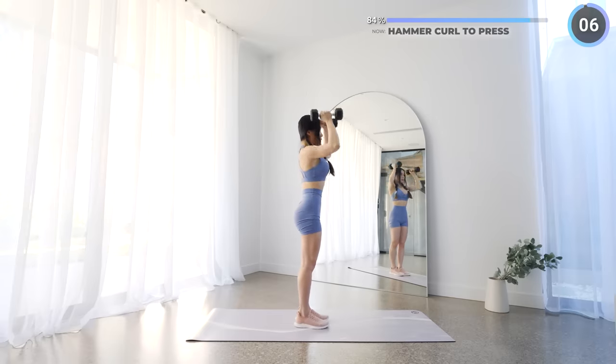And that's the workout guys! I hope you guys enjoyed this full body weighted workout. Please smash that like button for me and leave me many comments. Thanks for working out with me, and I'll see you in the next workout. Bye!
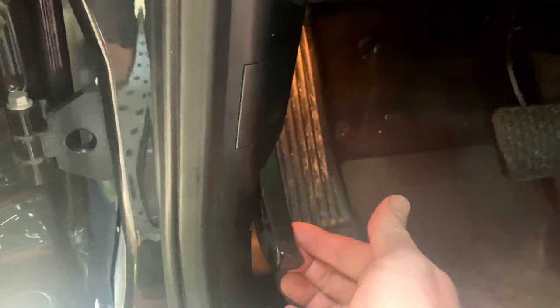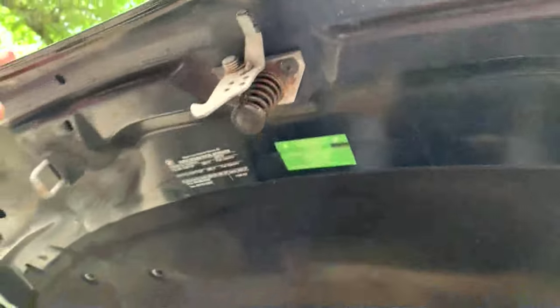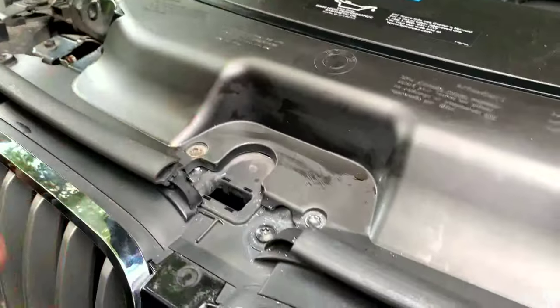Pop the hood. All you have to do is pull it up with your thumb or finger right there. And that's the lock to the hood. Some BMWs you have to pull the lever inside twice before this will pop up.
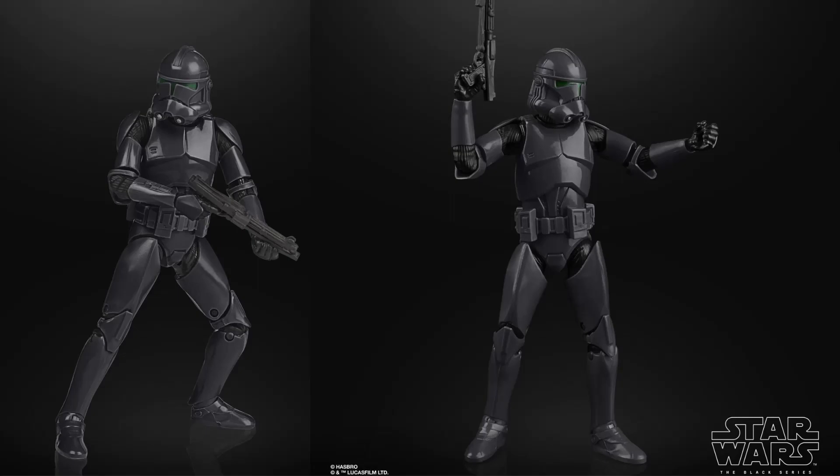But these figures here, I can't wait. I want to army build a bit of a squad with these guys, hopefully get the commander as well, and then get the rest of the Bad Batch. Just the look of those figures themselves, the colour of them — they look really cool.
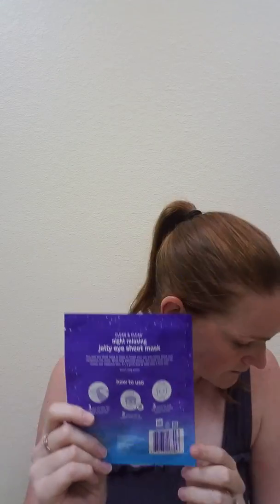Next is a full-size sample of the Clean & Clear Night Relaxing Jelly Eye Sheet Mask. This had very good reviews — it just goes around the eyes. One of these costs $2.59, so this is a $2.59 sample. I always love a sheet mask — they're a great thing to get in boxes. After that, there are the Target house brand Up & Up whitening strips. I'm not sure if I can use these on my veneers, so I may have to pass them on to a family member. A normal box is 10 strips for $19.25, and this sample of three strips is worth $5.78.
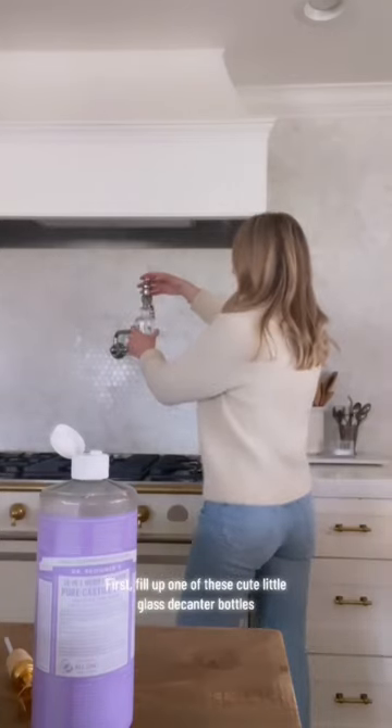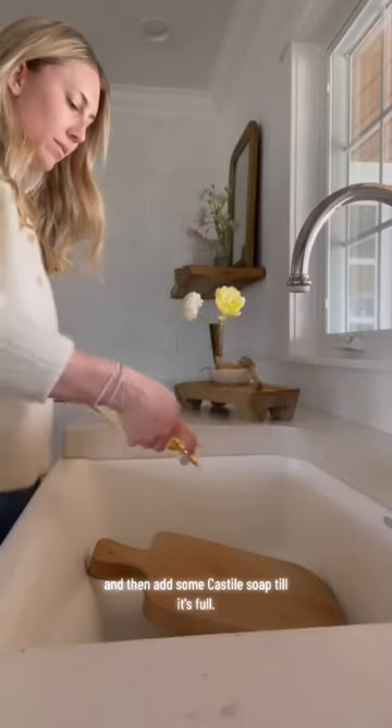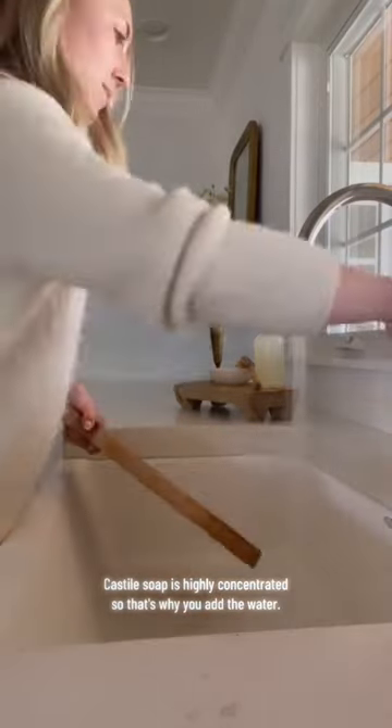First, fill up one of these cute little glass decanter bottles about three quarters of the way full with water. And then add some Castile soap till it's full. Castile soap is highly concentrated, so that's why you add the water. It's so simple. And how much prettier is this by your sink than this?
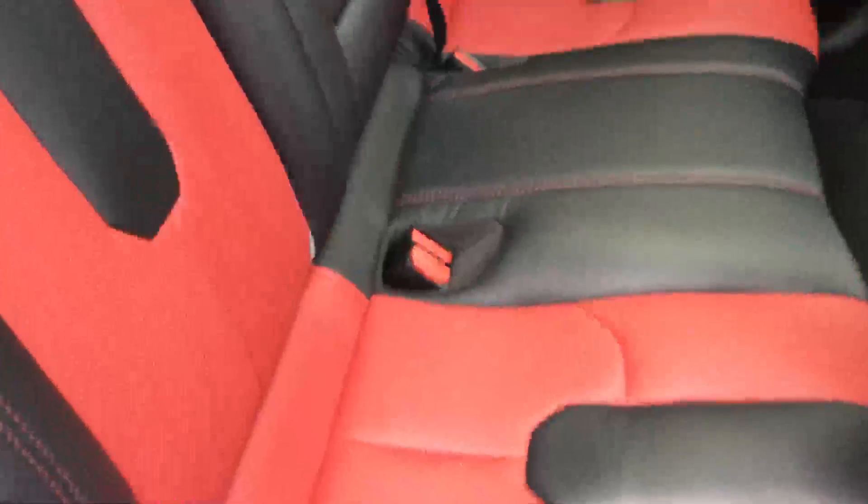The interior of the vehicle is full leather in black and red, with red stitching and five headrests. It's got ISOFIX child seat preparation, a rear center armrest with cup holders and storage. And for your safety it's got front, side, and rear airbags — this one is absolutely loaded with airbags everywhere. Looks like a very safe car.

----------------

→ **REQUIRED WORK**
Write out, exactly, the lines of the material from the very first through the line containing "But these figures", and leave out every picture.

→ **TASK OUTPUT**
And that's the workout guys! I hope you guys enjoyed this full body weighted workout. Please smash that like button for me and leave me many comments. Thanks for working out with me, and I'll see you in the next workout. Bye!
Pop the hood. All you have to do is pull it up with your thumb or finger right there. And that's the lock to the hood. Some BMWs you have to pull the lever inside twice before this will pop up.
But these figures here, I can't wait. I want to army build a bit of a squad with these guys, hopefully get the commander as well, and then get the rest of the Bad Batch. Just the look of those figures themselves, the colour of them — they look really cool.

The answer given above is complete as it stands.